David’s FreeDV Update – August 2024

Many digital voice systems have the ability to send small amounts of digital data in parallel with the compressed voice. For example in FreeDV we allocate a few bits/frame for call sign and grid square (location) information. This is a bit complex with RADAE, as we don’t actually send any “bits” over the system – it’s all analog PSK symbols.

So I’ve work out a way to inject 25 bits/s of data into the ML network along side the vocoder features. The ML magic spreads these bits across OFDM carriers and appears to do some sort of error protection, as I note the BER is quite low and it show some robustness to multipath. I can tune the bit error rate (BER) by adjusting the loss function and bit rate; a few percent BER at low SNRs (where the voice link falls over) is typical.

The plot below shows the “loss” (RMS error) of the vocoder features as a function of SNR (Energy per symbol/noise density). The vertical axis is the mean square error of the vocoder features through the system – lower is better. It’s useful for comparing networks.

So “red” is model17, which is our control with no auxiliary data. Yellow was my first attempt at injecting data, and purple the final version. You can see purple and red are almost on top of each other, which suggests the vocoder speech quality has barely changed, despite the injection of the data. Something for nothing? Or perhaps this suggests the data bits consume a small amount of power compared the vocoder features.

Much of this month was spent preparing for the August test campaign. I performed a dry run of some over the air (OTA) tests, leading to many tweaks and bug fixes. As usual, I spent a lot of time on making acquisition reliable. Sigh.

The automated tests (ctests) were invaluable, as they show up any effects of tuning one parameter on other system functions. They also let me test in simulation, rather than finding obscure problems through unrepeatable OTA tests. The loss function is a very useful measure for trapping subtle issues. A useful objective measure of speech quality is something I have been missing in many years of speech coding development. It’s sensitive to small errors, and saves a lot of time with listening tests.

I have developed a test procedure for the stored file phase of the August 2024 test campaign. The first phase of testing uses stored files (just like the April test campaign) but this time using the new PAPR optimised waveform and with a chirp header that lets us measure SNR. To make preparation and processing easier, I have developed a web based system for processing the Tx and Rx samples. This means the test team can decode RADAE samples by themselves, without using the command line Linux tools. A test team of about 10 people has been assembled and a few of them have already posted some interesting samples (thanks Yuichi, Simon, and Mooneer).

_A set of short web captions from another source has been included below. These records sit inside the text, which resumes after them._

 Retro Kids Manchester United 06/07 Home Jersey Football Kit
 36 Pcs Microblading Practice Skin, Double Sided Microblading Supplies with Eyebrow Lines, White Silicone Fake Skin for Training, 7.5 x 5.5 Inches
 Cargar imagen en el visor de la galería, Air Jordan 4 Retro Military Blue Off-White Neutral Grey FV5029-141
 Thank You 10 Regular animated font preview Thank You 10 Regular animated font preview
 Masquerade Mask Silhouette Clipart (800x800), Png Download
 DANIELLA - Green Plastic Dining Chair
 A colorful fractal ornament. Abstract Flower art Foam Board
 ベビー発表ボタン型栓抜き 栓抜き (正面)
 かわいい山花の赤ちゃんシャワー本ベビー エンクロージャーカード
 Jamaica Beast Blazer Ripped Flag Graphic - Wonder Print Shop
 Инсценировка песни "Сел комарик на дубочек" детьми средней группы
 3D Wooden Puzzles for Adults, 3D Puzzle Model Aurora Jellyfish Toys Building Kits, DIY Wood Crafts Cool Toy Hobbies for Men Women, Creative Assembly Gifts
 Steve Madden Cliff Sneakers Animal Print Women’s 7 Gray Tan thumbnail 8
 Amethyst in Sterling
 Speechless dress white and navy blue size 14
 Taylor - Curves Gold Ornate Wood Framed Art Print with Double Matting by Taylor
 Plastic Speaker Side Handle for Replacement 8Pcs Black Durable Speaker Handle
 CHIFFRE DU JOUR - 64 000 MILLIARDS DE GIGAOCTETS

If you would like to actively participate in RADAE testing, please see this post.

The next phase of testing is real time PTT. The Python code runs in real time, so I have cobbled together a bash script based system (ptt_test.sh) – think of it as crude command line version of freedv-gui. It works OK for me – I can transmit in real time using my IC-7200 to KiwiSDRs, and receive off air from the IC-7200. By using loop back sound devices I can also receive from a KiwSDR. The script only runs on Linux and requires some knowledge of sound cards, but if I can find a few Linux-savvy testers we can use ptt_test.sh to obtain valuable early on-air experience with RADAE. This is an opportunity for someone to make the first live RADAE QSO.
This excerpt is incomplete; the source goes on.